- To do:
For the data that follows, print the line with "Pocket Point Loose Fit Star Knit Cardigan", the line with "Brass Linking Rings, Irregular", and all lines between them, exactly as they stand. Omit pictures and add nothing.

- Task input:
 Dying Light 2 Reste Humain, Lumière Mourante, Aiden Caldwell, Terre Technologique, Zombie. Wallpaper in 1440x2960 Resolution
==
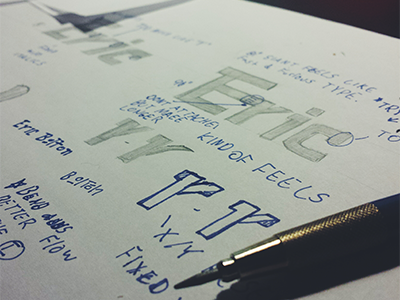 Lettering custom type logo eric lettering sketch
--
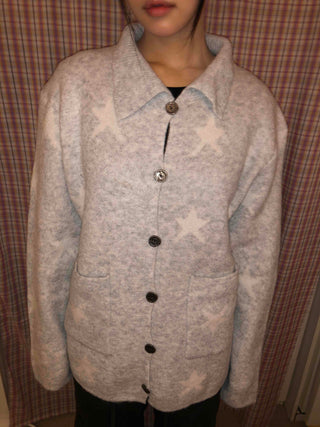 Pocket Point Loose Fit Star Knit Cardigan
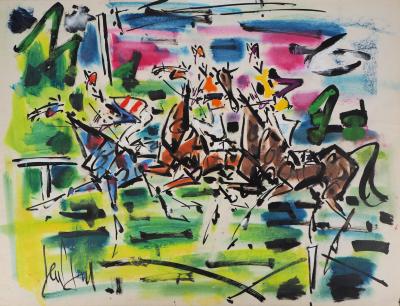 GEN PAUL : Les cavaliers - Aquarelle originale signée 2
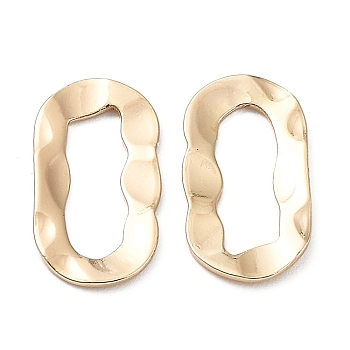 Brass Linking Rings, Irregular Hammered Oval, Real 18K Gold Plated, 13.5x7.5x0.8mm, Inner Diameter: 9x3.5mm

- Reply:
 Pocket Point Loose Fit Star Knit Cardigan
 GEN PAUL : Les cavaliers - Aquarelle originale signée 2
 Brass Linking Rings, Irregular Hammered Oval, Real 18K Gold Plated, 13.5x7.5x0.8mm, Inner Diameter: 9x3.5mm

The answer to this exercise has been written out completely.